Les Grands Prédateurs
Gardons la raison, gardons nos troupeaux et... Gardons le loup !
Radio-Primitive consacre une Émission Spéciale à la situation du loup en France dont le statut d’Espèce strictement protégée a été révisé et qui fait l’objet de tirs de destruction importants sur l’ensemble du territoire en cours de reconquête par des individus qui se dispersent en différentes régions du Jura, au Plateau de Millevaches des Ardennes à la Bretagne , de la Lorraine à la Haute Marne. A ce jour, 181 tirs létaux ont été réalisés au plan national.

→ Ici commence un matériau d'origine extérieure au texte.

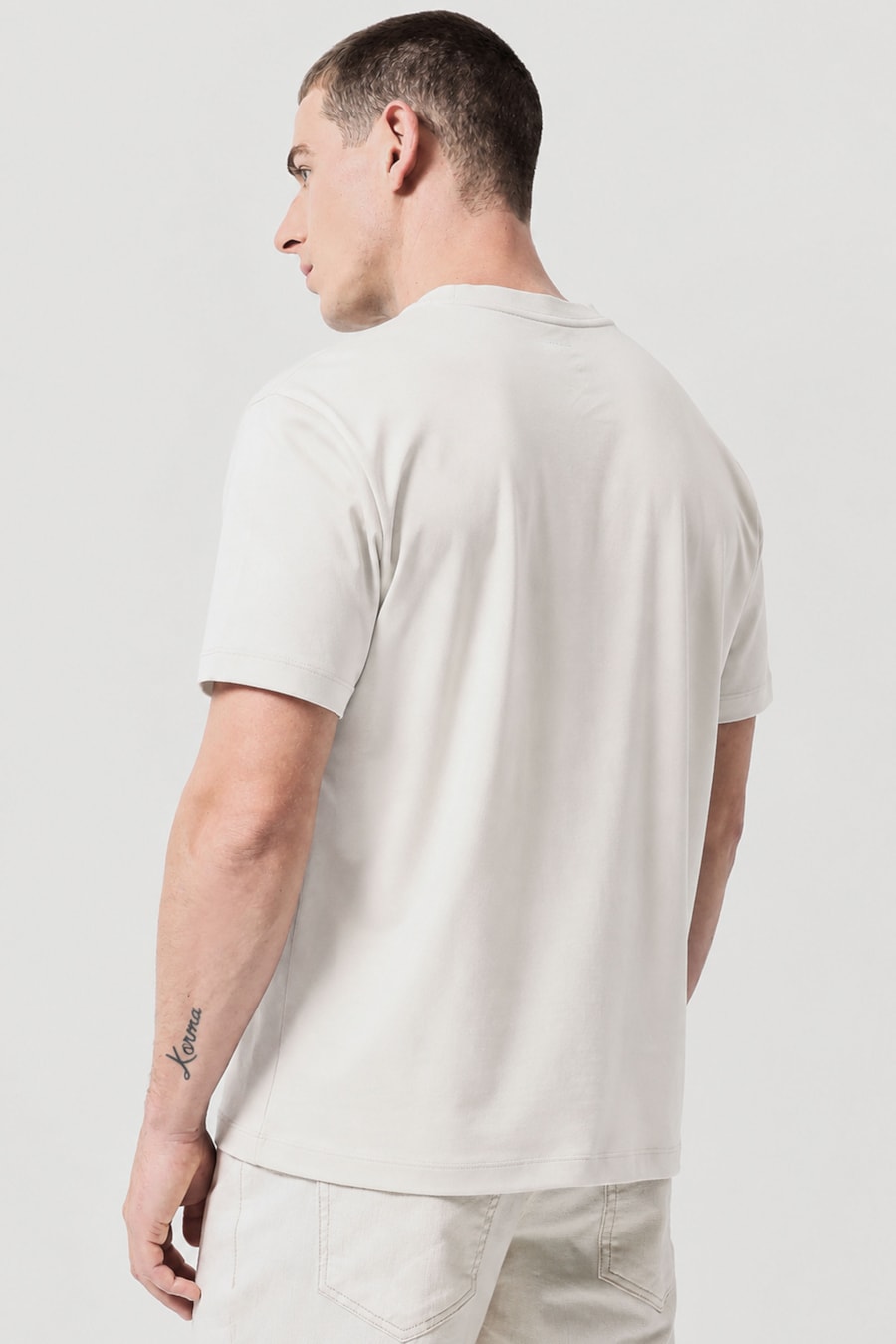 Camiseta Manga Curta A-70 Interlock Marfim 117 — foto 4 de 6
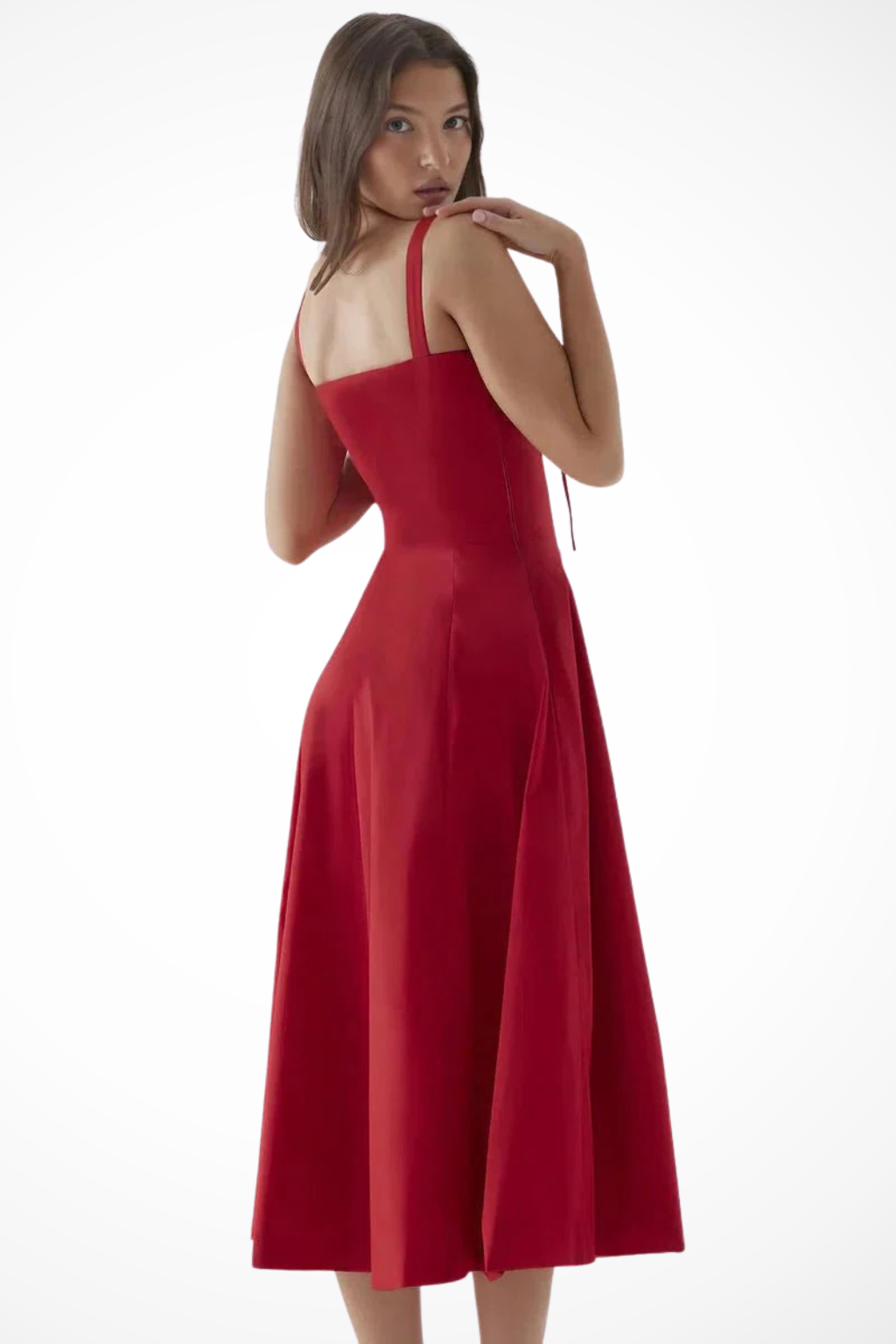 Square Neck Floral Midi Dress with Bow Detail for Wedding Guests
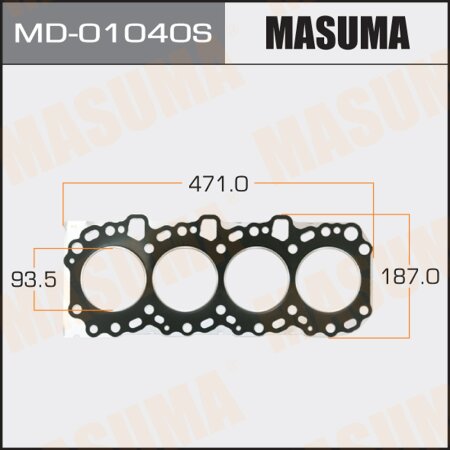 3-layer head gasket (metal-elastomer) Masuma, thickness 0,75mm, MD-01040S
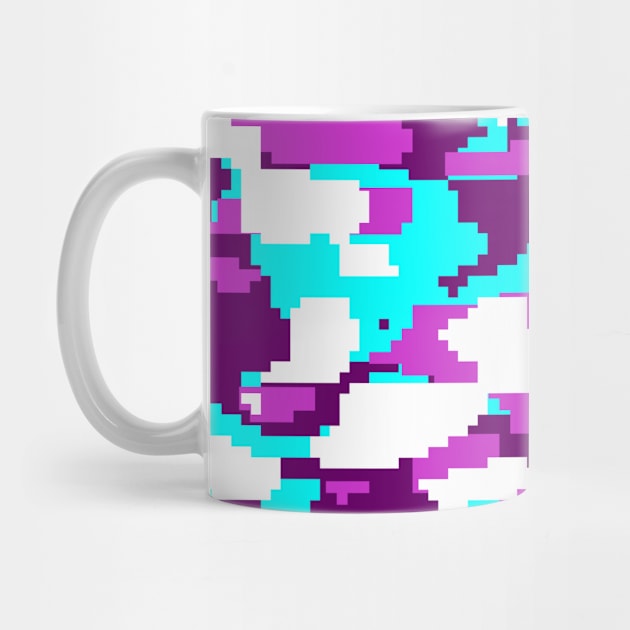 Blue and purple Camo pattern digital Camouflage by Tshirtstory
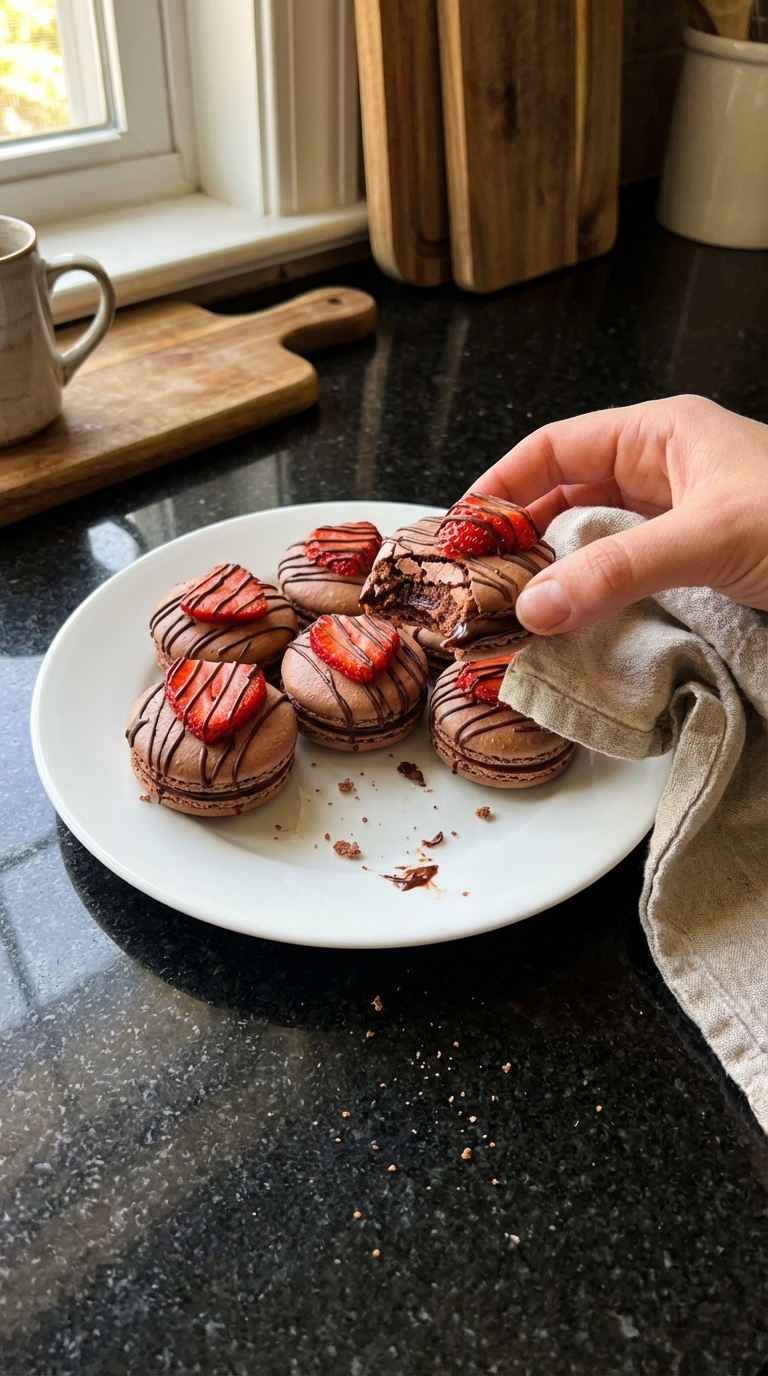 Schoko Erdbeer Macarons​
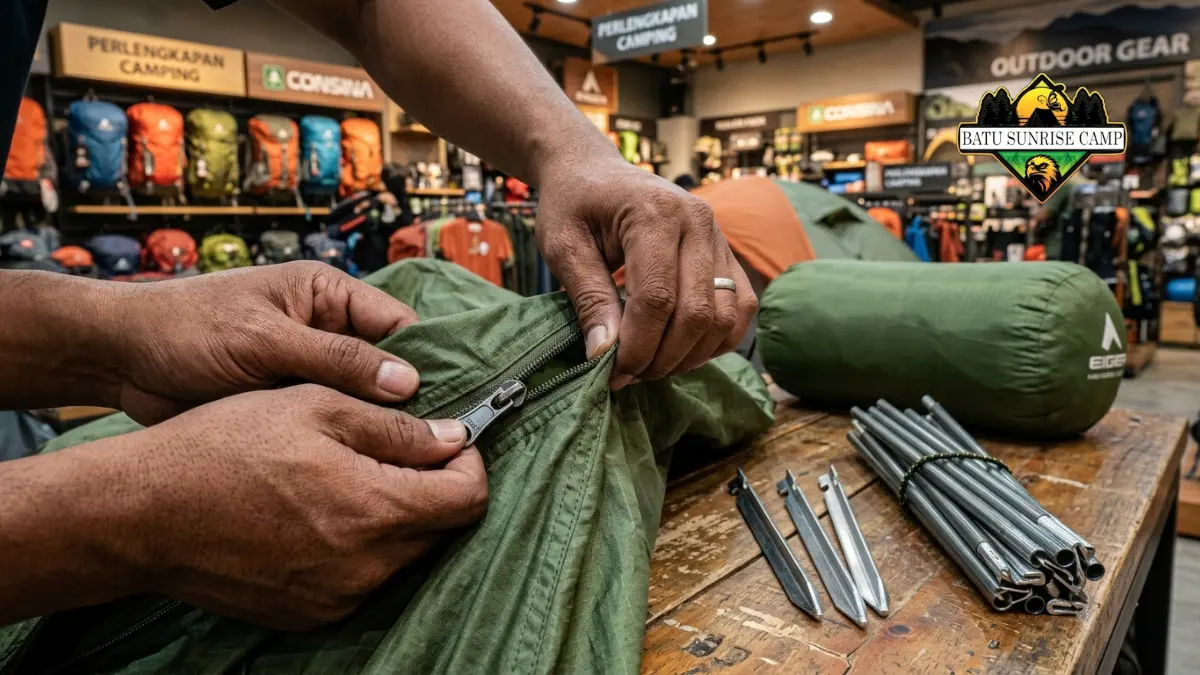 Memeriksa kelengkapan paket alat camping sebelum membeli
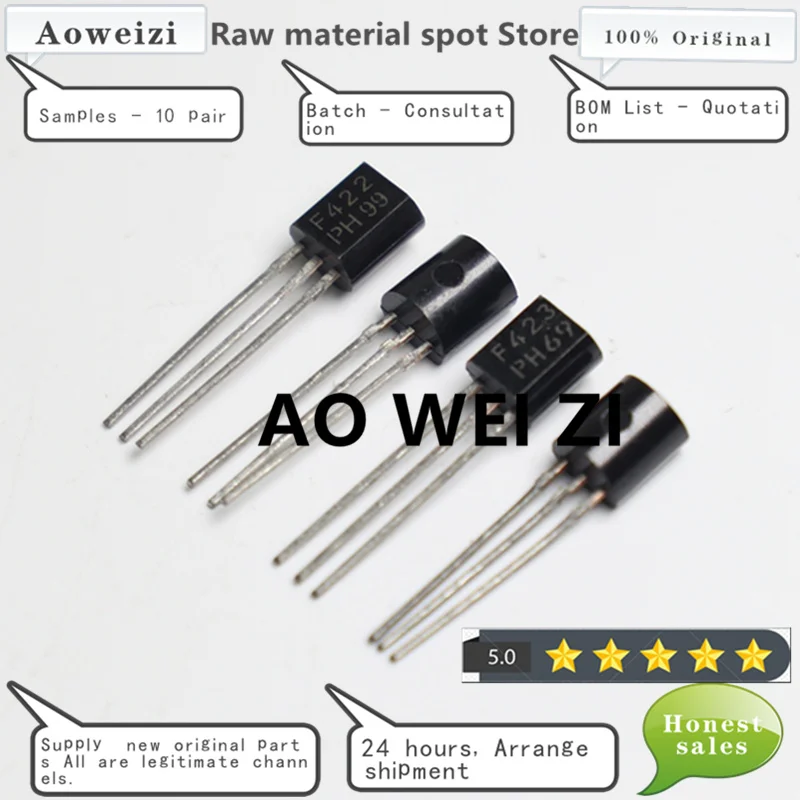 Aoweizi 20PCS=10Pair 100%New Original BF422 BF423 F422 F423 TO-92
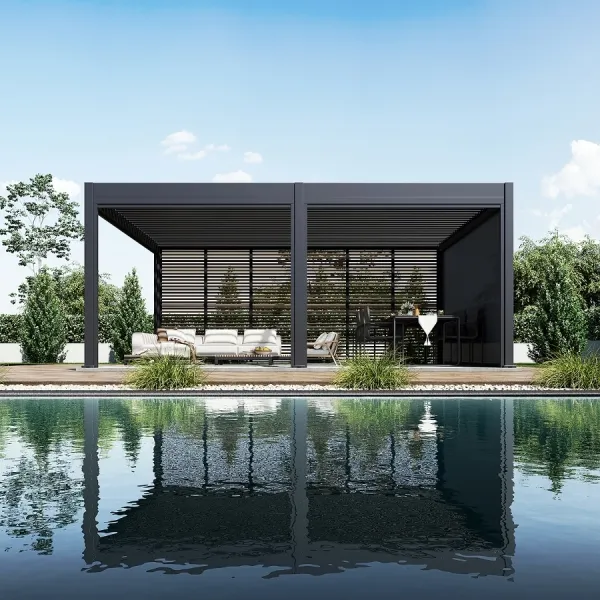 ArtRoja Bioklimatická hliníková pergola INTRO DUO voľne stojaca | antracit 6 x 4 m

- Patrick Degeorges est philosophe et ancien responsable de la conservation des Grands Prédateurs au ministère chargé de l’écologie (2005 2010) et directeur de l’Institut des hautes études pour les pratiques et les Arts de transformation (Ihepat) ; membre de l’Institut Michel Serre.
- Farid Benhammou est géographe , chercheur associé au Laboratoire ruralités de l’université de Poitiers, spécialiste des grands prédateurs.

Affiche : Robert J
Dans leur Tribune du Monde le 14 Octobre 2025 ils plaident pour Refonder le Plan National d’Action Loup en France.
L’État contre les loups : révélateur d’une offensive contre le droit de la nature, au détriment de la démocratie locale.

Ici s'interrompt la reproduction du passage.